:: Problem details ::
Quote all lines below exactly. Images stay out.

:: Given material ::
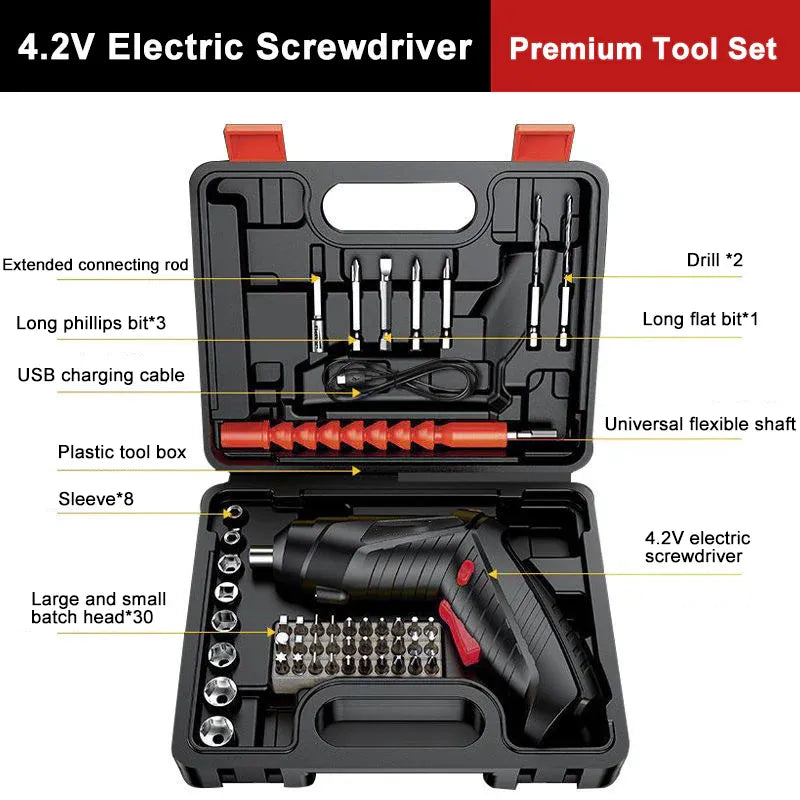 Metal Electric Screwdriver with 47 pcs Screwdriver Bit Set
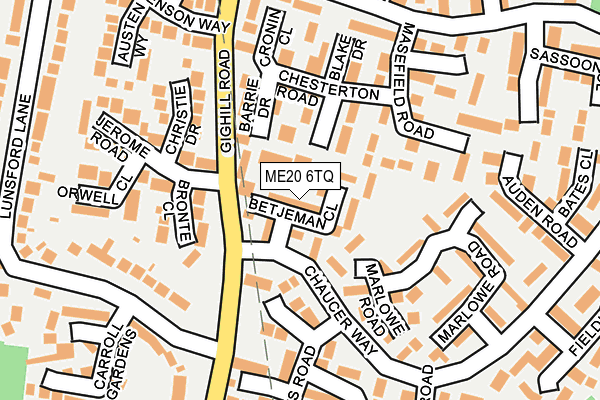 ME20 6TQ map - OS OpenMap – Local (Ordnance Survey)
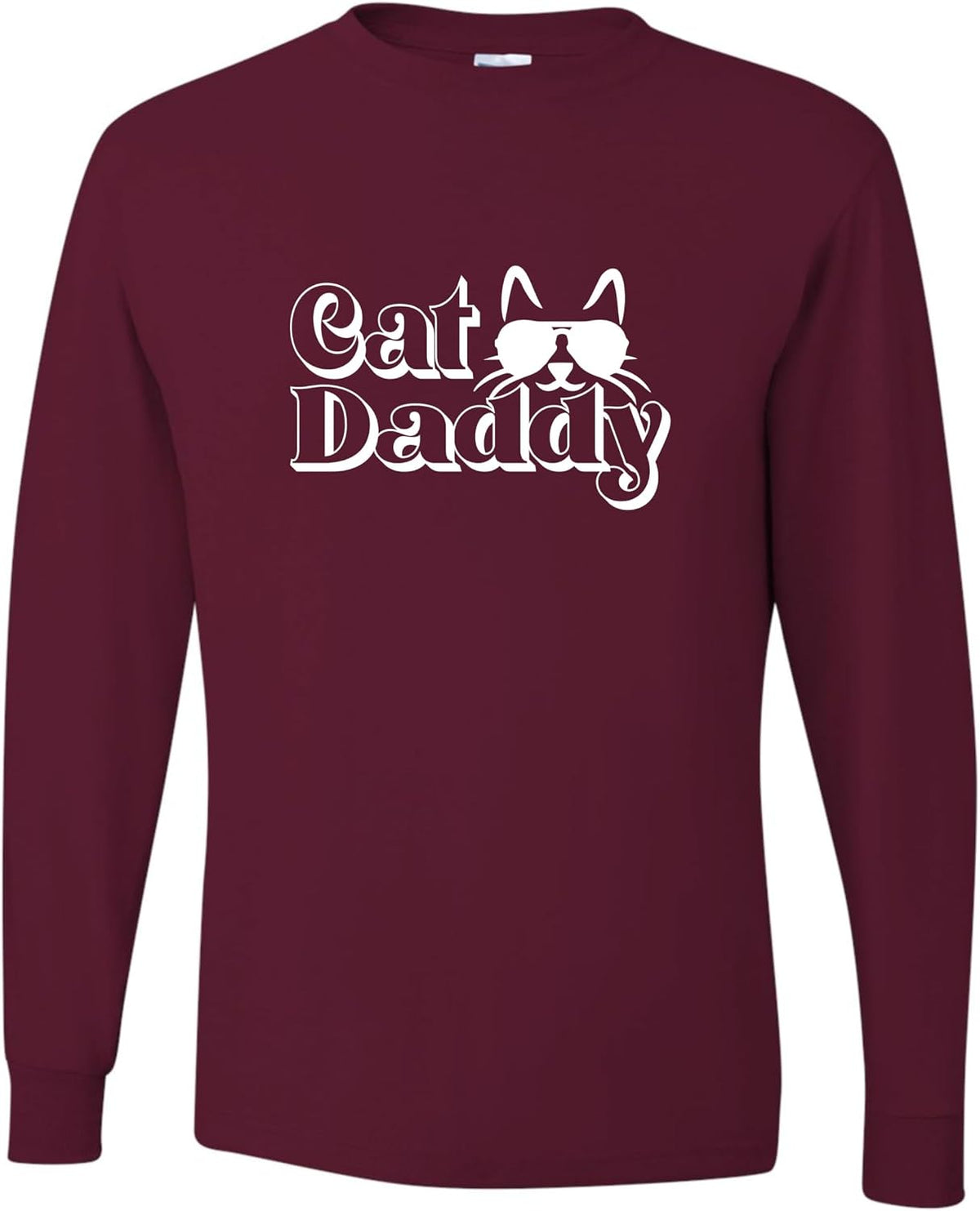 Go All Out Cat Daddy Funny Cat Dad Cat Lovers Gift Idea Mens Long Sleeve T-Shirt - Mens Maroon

:: Task output ::
 Metal Electric Screwdriver with 47 pcs Screwdriver Bit Set
 ME20 6TQ map - OS OpenMap – Local (Ordnance Survey)
 Go All Out Cat Daddy Funny Cat Dad Cat Lovers Gift Idea Mens Long Sleeve T-Shirt - Mens Maroon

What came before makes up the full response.